Jean-Jacques Rousseau war wohl eine ziemlich komplexe Persönlichkeit. Davon zeugen zumindest die bitteren Beziehungskriege, auf die er sich mit David Hume einließ. Das Buch "Leben Sie wohl für immer" von Sabine Schulz zeichnet die brisante Korrespondenz dieser beiden nach.

Von Cordula Echterhoff |
    Es fing alles so harmonisch an. Rousseau war verfolgt aber von seinen Lesern geliebt, der schottische Philosoph David Hume half ihm und sonnte sich ein wenig in dessen Glanz. Und in den ersten Briefen, die die beiden wechselten, beteuerten sie sich der höchsten Wertschätzung und der gegenseitigen Liebe. Doch ihre Freundschaft endete in einem Eklat, den Rousseau am 10. Juli 1766 in einem finalen Brief an Hume besiegelte:

    "Am Ende dieses Briefes bin ich über meine Kraft erstaunt, die mich ihn schreiben ließ. Wenn man an Schmerz sterben würde, wäre ich in jeder Zeile gestorben. Alles an den Geschehnissen zur Zeit ist in gleichem Maße unverständlich.
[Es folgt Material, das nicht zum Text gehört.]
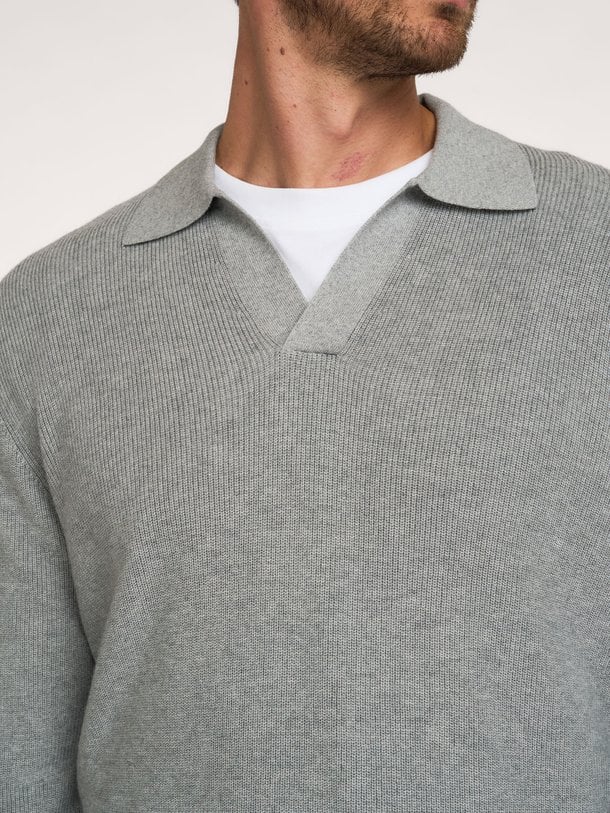 Hope Rib 60060 Hope, organic cotton/cashmeremix polo trui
Ein Verhalten wie das Ihre ist nicht naturgegeben, es ist widersprüchlich in sich und doch habe ich es so erlebt. Doppelt abgründige Schlucht! Wohin ich auch blicke, Verderben erwartet mich auf beiden Seiten [...] Noch einmal sage ich, wenn Sie unschuldig sind, bemühen Sie sich um eine Rechtfertigung: Wenn Sie es nicht sind, leben Sie wohl für immer."

    Vorausgegangen war Folgendes: David Hume hatte dem verfolgten Rousseau geholfen, sich in England niederzulassen und bewirkt, dass der englische König dem französischen Philosophen eine Leibrente bewilligte. Dieser lehnte vermeintlich ab, Hume war brüskiert, Rousseau sah eine Intrige und am Ende stand das Zerwürfnis auf Lebenszeit.

    Das Buch "Leben Sie wohl für immer" zeichnet diese affaire infernal in Briefen und Zeitdokumenten nach. Die Herausgeberin Sabine Schulz hat sich in die Korrespondenz der beteiligten Zeitgenossen eingegraben:

    "Es ist so, diese Affäre ist unter Menschen, die sich mit dem 18. Jahrhundert ein wenig auskennen, schon bekannt. Und zwar deshalb, weil Hume selbst, nachdem es zu dem Zerwürfnis gekommen war, um seine Position darzustellen und auch um sich von möglichen Vorwürfen reinzuwaschen, er habe das herbeigeführt, die Korrespondenz veröffentlicht hat. Und diese Veröffentlichung hat damals einen immensen Aufruhr verursacht. Er hat es auf Französisch veröffentlicht und dann auf Englisch. Und diese beiden Ausgaben sind bis heute lieferbar und bekannt, aber im Deutschen eben nicht."

    Humes Veröffentlichung ist selektiv. Die hier vorliegende Ausgabe macht die Stimmen aller Beteiligter hörbar. Und das Interesse der Zeitgenossen war groß. Denn Jean-Jacques Rousseau hatte es sich schon zuvor mit fast allen französischen Philosophen verscherzt. Er war so etwas wie ein Abtrünniger der Aufklärung: Er war gefühlig, emotional, von einem göttlichen Geist beseelt und nicht streng rational und atheistisch, wie die meisten anderen Denker seiner Zeit.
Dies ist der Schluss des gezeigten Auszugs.